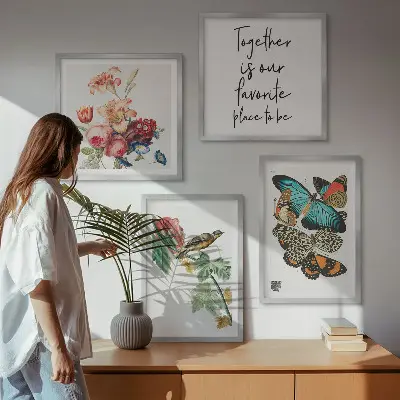 Set posters met lijst bloemen, vlinders en vogels in pastelkleuren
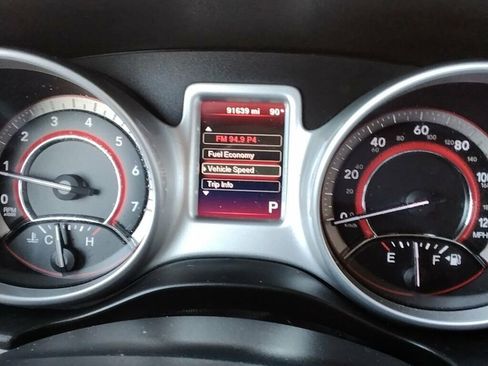 Used 2018 Dodge Journey SE FWD image 12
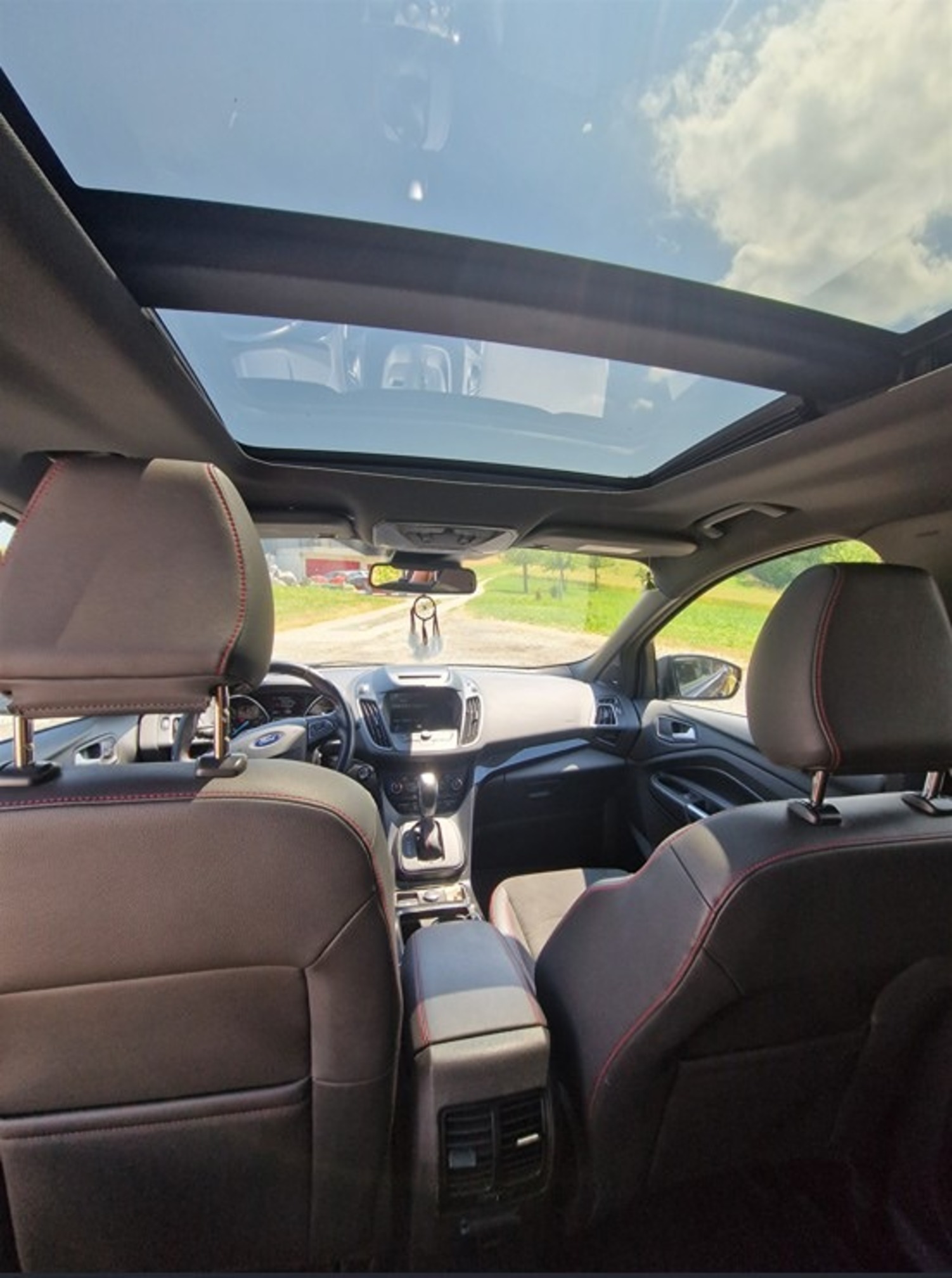 FORD Kuga 1.5i EcoBoost 182 PS ST-Line 4x4 Automat — zdjęcie 4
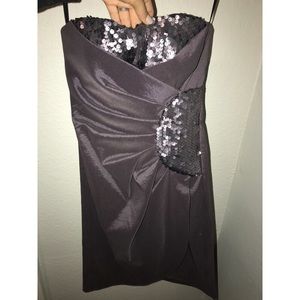 SEMI-FORMAL DRESS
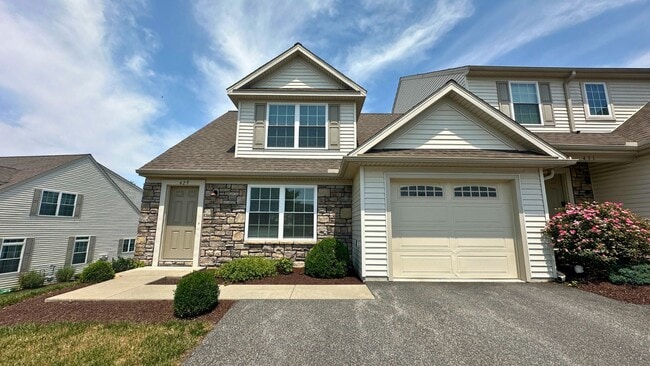 Building Photo - 429 Masonic Dr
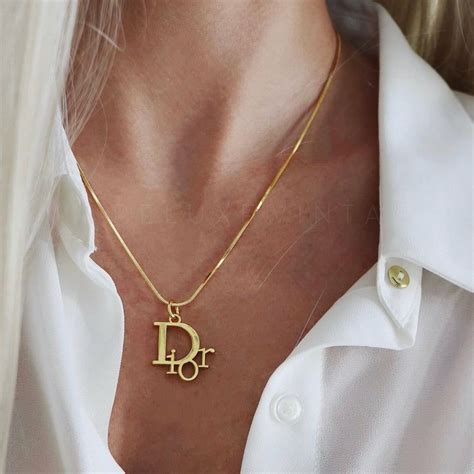 classic j'adore necklace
# # #
Repeat everything in the records above exactly, except the pictures.

Output below ->
 Set posters met lijst bloemen, vlinders en vogels in pastelkleuren
 Used 2018 Dodge Journey SE FWD image 12
 FORD Kuga 1.5i EcoBoost 182 PS ST-Line 4x4 Automat — zdjęcie 4
 SEMI-FORMAL DRESS
 Building Photo - 429 Masonic Dr
 classic j'adore necklace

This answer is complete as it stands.